» Exercise input:
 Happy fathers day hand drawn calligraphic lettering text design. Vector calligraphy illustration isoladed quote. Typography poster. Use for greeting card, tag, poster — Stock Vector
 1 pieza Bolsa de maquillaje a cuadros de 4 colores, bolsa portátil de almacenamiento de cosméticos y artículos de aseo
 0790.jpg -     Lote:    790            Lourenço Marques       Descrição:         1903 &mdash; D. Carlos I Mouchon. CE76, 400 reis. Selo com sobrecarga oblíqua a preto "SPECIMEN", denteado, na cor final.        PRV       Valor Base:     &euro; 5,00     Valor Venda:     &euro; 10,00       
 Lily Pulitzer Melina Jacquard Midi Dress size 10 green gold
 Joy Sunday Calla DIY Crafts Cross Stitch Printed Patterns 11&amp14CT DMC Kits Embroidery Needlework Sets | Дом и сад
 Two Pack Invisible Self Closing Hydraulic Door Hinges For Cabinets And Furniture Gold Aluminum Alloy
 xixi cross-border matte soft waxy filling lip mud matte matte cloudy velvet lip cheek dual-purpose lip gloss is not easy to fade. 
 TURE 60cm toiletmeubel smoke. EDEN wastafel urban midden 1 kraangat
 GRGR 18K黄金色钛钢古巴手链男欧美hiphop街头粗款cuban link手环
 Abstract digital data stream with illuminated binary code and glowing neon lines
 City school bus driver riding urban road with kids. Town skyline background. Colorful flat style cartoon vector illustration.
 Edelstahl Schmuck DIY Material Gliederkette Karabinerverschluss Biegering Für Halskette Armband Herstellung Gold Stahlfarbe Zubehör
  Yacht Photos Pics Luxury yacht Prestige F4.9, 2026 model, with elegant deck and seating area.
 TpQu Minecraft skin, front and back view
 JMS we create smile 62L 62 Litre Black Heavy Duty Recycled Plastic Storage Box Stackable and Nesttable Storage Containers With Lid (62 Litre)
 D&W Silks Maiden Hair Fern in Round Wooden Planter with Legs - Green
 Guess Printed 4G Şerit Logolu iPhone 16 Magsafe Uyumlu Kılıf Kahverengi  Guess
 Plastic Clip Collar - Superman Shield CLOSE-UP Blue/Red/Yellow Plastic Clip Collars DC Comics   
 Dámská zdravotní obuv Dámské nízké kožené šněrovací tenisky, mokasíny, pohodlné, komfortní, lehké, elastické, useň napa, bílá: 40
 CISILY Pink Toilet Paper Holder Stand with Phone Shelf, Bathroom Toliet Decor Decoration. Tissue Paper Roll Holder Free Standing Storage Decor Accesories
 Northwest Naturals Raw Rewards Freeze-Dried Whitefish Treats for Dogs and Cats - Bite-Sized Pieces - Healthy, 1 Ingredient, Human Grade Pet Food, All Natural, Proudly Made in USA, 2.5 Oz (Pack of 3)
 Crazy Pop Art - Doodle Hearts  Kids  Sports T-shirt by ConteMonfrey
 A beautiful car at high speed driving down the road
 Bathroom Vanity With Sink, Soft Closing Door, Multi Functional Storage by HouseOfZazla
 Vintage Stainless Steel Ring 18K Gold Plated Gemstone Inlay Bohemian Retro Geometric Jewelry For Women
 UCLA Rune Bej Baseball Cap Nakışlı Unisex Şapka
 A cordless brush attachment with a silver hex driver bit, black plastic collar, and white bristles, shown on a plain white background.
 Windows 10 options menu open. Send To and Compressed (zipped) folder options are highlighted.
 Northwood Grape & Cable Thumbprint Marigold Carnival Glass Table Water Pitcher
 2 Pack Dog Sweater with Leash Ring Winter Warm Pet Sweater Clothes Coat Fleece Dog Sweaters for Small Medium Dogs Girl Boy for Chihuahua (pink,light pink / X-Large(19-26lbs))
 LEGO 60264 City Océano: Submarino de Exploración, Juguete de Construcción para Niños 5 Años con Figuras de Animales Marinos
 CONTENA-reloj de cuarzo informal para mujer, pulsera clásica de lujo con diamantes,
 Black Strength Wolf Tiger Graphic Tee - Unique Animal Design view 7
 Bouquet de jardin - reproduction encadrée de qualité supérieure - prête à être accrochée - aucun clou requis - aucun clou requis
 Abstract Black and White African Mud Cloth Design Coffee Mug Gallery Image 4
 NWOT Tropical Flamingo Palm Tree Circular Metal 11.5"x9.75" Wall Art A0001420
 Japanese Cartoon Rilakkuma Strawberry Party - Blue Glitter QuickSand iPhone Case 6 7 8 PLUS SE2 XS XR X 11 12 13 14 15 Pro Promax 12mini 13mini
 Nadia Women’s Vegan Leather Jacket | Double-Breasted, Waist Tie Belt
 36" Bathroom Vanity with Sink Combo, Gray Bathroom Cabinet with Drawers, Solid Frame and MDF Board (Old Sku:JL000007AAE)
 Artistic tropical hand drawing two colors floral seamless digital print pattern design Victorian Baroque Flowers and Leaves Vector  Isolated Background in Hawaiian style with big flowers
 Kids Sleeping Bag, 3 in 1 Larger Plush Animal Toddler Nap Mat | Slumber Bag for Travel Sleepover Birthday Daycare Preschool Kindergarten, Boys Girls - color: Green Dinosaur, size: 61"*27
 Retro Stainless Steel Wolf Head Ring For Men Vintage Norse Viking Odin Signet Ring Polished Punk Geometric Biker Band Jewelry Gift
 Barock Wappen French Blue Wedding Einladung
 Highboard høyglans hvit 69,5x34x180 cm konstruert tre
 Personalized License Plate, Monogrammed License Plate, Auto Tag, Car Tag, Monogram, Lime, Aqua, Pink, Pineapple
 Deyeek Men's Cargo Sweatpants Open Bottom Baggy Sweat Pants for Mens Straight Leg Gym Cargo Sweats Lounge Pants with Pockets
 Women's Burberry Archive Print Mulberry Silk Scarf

» Exercise:
Copy all lines from the data that hold the word "Bathroom".

» Output:
 CISILY Pink Toilet Paper Holder Stand with Phone Shelf, Bathroom Toliet Decor Decoration. Tissue Paper Roll Holder Free Standing Storage Decor Accesories
 Bathroom Vanity With Sink, Soft Closing Door, Multi Functional Storage by HouseOfZazla
 36" Bathroom Vanity with Sink Combo, Gray Bathroom Cabinet with Drawers, Solid Frame and MDF Board (Old Sku:JL000007AAE)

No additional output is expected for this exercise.